= Sevim Arbana =

Albanian women's rights activist (born 1951)

Sevim Arbana (born March 16, 1951) is an Albanian women's rights activist and founder of NGO “Useful to Albanian Women” (UAW) and "Women Bridge for Peace and Understanding”.

== Biography ==
Sevim Arbana was born in 1951. Her father was a member of the Liberation Army in Albania (LANÇ), and fought against the Germans in WWII. Following the war, he joined the anti-communist Legality Party, where he was branded an enemy of the state and imprisoned for 10 years during the rule of Enver Hoxha. Due to her father's beliefs, Arbana's family was persecuted by the Albanian government, resulting in difficulty in completing her education at School of Arts in Tirana.

In 1991, Arbana was arrested by the Serbian Militia at a forum in Kosovo, protesting the lack of funding her women's rights organizations were receiving. Furthermore, Sevim Arbana formerly worked with the now Mayor of Tirana, Erion Veliaj during his time with the Mjaft movement. They have since quit working together following his election to power, with Arbana criticizing him for the lack of support to her women's rights. In 1997, she was elected president of the first umbrella NGO in Albania, the NGO Forum.

In 2005, Sevim Arbana was nominated for a Nobel Peace Prize as part of the 1000 PeaceWomen. In 2019, she was nominated for a Global Woman Award in the category of “Leadership”

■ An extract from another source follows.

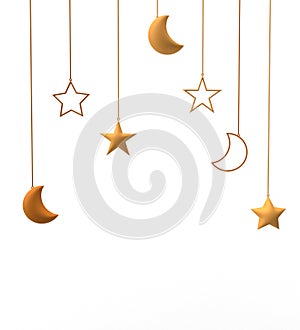Moon star full empty golden yellow orange color decoration ornament muslim islamic eid arabic celebration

She is an editor for the Naim Frasheri publishing house.

== Advocacy ==
In 1993, following the fall of the Soviet Union and People's Socialist Republic of Albania, Arbana founded the non-governmental organization Useful to Albanian Women, the first women's club in Albania, and the Balkan peace organization Women Bridge for Peace and Understanding. Arbana has been described as "first activists after the fall of Communism". The inception of these organizations was prompted by her exposure to The Alexandra Club, the first women's club in the world. Through these organizations, Arbana has founded rehabilitation centers, campaigned against human trafficking, and provided aid to victims of homelessness and domestic abuse.

=== Useful to Albanian Women centre ===
The Useful to Albanian Women centre is an Albanian organization developed to assist women who are victims of domestic or sexual violence, abandonment, or economic hardship. This centre has also served to draw attention to domestic violence rates in Albania and economic hardships women face when fleeing abuse. The centre has also served as a rehabilitation centre for homeless children, provides assistance for teenage mothers in the Roma community, and aids victims of blood feuds. It is estimated that through this centre, Arbana has trained and helped over 7,000 Albanian street children find employment.

During the Kosovo war, the centre was used to house and aid over 3,800 Kosovo and Albanian refugees.

=== Criticism of Edi Rama ===
Following an alleged incident where Edi Rama, prime minister of Albania, "pinched" one of his Cabinet Ministers, Sevim Arbana spoke about the incident on the news program the 'A-Show'. The alleged event occurred in 2013, with Arbana commenting on it in 2019. Following her comment, Enkelejda Mca, the Albanian State Attorney General, filed a 1 million Albanian Lek lawsuit against Arbana for defamation. This lawsuit is amongst 35 other defamation suits that have been criticized as a "way to silence critics".